# Best way to sell property



## TazJ (Jun 23, 2008)

I am hoping a few people can relate and perhaps offer advice.

I am selling my place in Mahmutlar and the agent we have currently is insisting on us giving him a Power of Attorney. This makes us uncomfortable, but he is being rather pushy.

Which is the best way to sell a Turkish property, if you are not based there?

Thanks in advance.


----------



## siobhanwf (Mar 20, 2009)

I would never pass power of attorney to an estate agent


----------



## TazJ (Jun 23, 2008)

Yep, fully agree, and I don't want to feel bullied into it so I am looking at alternatives. 
But it is challenging when you are not there and I was not sure if this is the norm, for expats to give POA.


----------



## PS51 (Sep 7, 2014)

There is an example on (snip) of a lady who didnt realise her Agent still had an active POA from when she purchased. The Agent sold at a rediculously low price ( Presumably to a Cousin ) . She came on holiday to find a Turkish family there and locks changes. Anyone trying to get legal redress in Turkey knows what it is like to walk in Treacle.


----------



## AlexDhabi (Aug 23, 2012)

If you do any POA regarding property it should be absolutely clear in the POA it is for buying and not selling (if buying) and vice versa. You should never get that situation that PS51 describes in any country.
I am not sure why you should ever POA to an estate agent for buying or selling though. You make an agreement with the agent and pay their fee afterwards as per agreement. You might need to give POA to your lawyer if you are absent, but only if you are sure you can trust them. Better to give POA to a private individual you know well and trust.


----------



## Orfeadk (Jan 12, 2015)

*wanted a villa in Dalyan direct from owner*

Hi All,

We are a Turkish couple live in Dalyan in Turkey. We are also searching a detached villa in Dalyan to buy. Real estate prices seems incredibly high when we compare its value with its 10 to15 years rental income. From that point of view prices villas in Dalyan seems ballooned. I think this is not becouse of the owners own valutation of villas, contrariwise becouse of the estate agents by themselves and not fear!!!

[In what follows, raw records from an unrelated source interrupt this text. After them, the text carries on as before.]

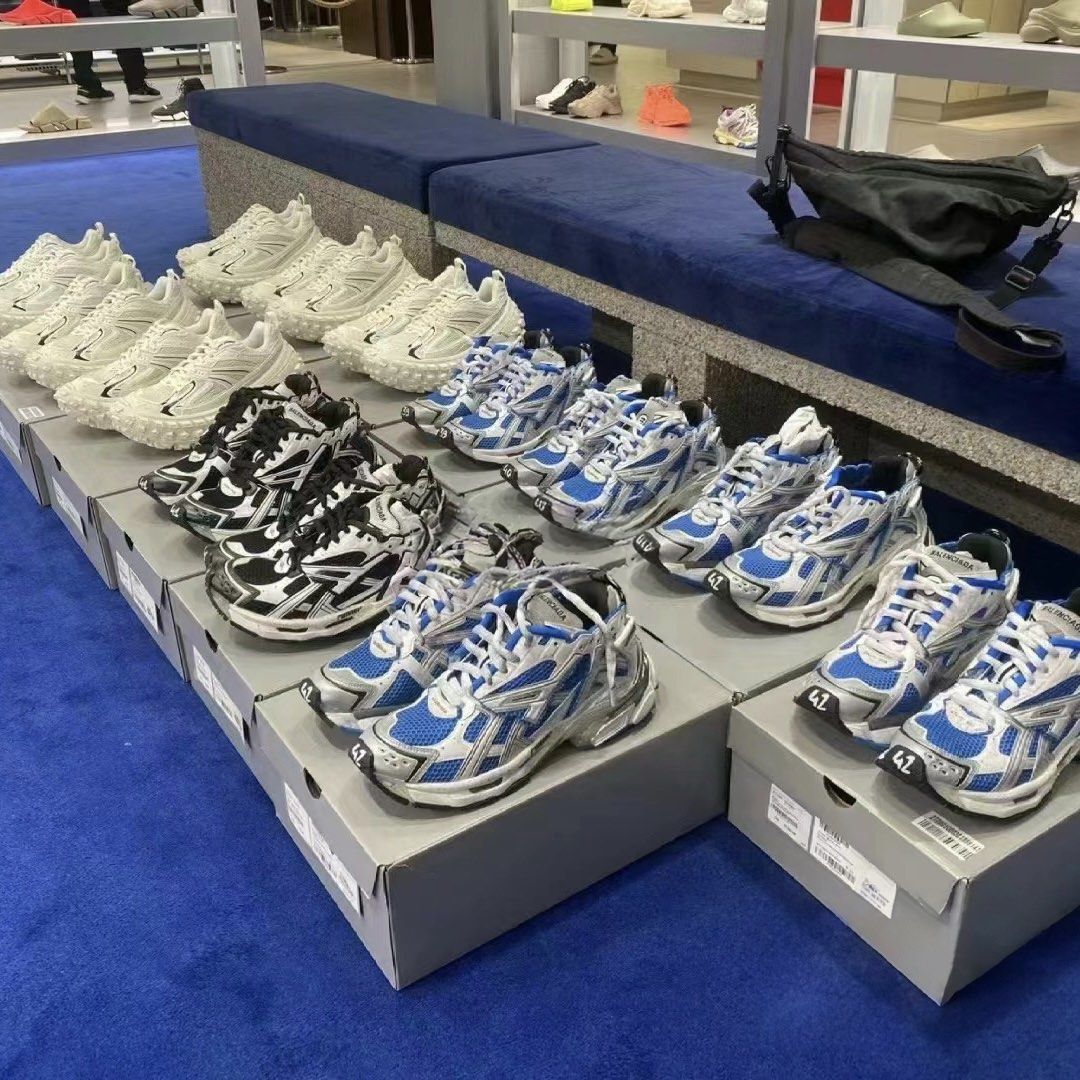 Louis vuitton shoes balenciaga store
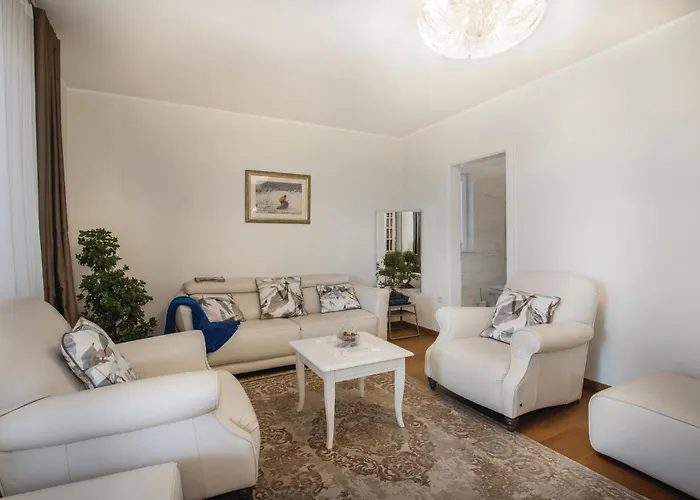 3 Bedroom Stunning In Krk * Krk Town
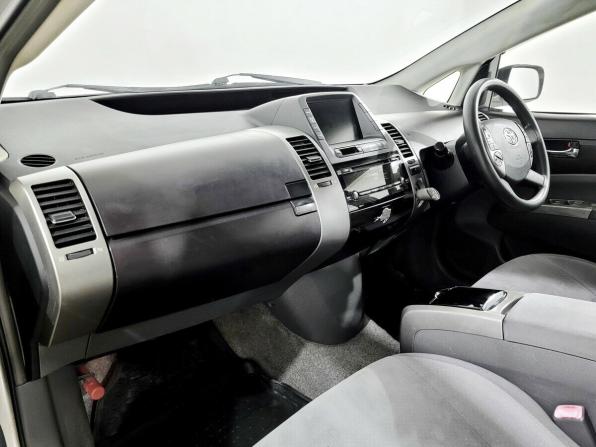 Toyota Prius II (XW20) с пробегом 2005 года, цена 560 000 рублей, 511969 км, лифтбек, Автокод Объявления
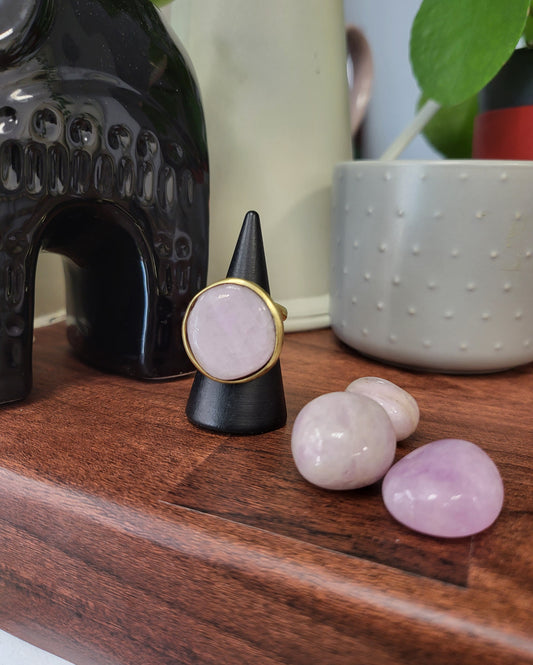 Anello regolabile Kunzite e ottone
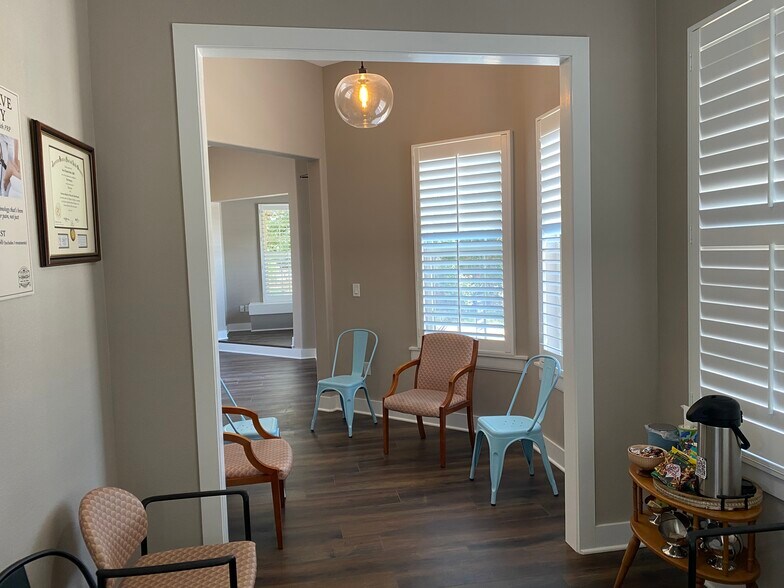 More Photos Of 144 Old Town Blvd N, Argyle Office For Lease
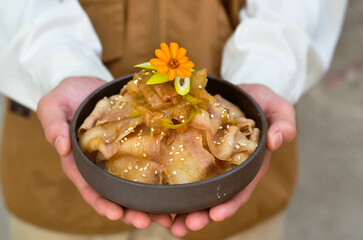 Grilled Pork Belly Sliced ​​Rice with Fragrant Sauce Topped with Stir Fried Onions.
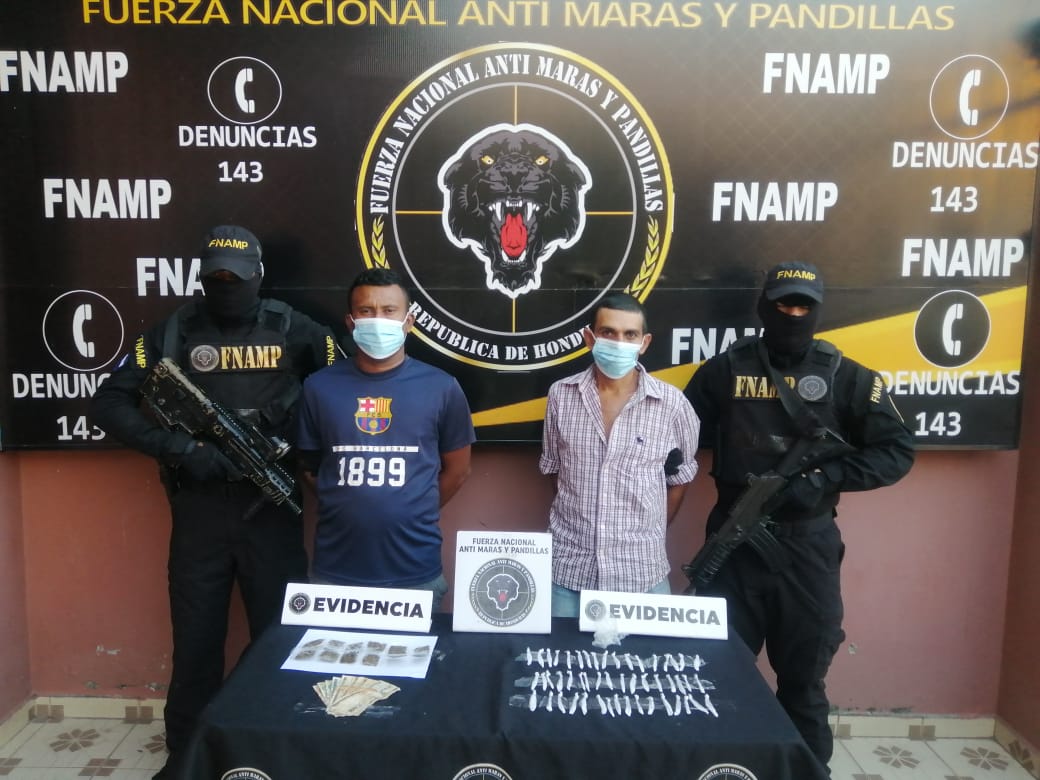 Caen dos sujetos que se hacían pasar por vendedores ambulantes para distribuir drogas en Monjaras Caen dos sujetos que se hacían pasar por vendedores ambulantes para distribuir drogas en Monjaras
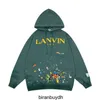 High Street Lavins is de juiste versie van een internetberoemdheid van een co-merk met dezelfde hoodie met graffitiprint met spattende inkt voor heren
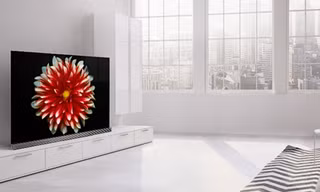 LG ra mắt toàn bộ dòng TV cao cấp 2017 tại Việt Nam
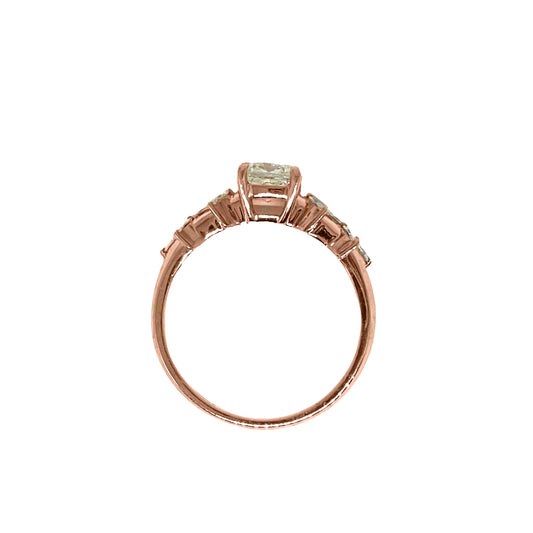 1.11cts Cushion cut ring on modified band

So, If anybody among you want to sell her/his villa with a reasonable price we would like to talk with them. My email: orfeadk(at)hotmail(dot)com

If you want to ask me anything, send PM please.


----------



## zHd (Mar 5, 2015)

Try to post an advert on sahibinden.com website.. 

Specify if you can only speak English to details. 

Tick to from foreign to foreign at details, this will provide getting rid of some tax details.. 

This way will help .. 

Or ask for a Turkish friend to do the job..


----------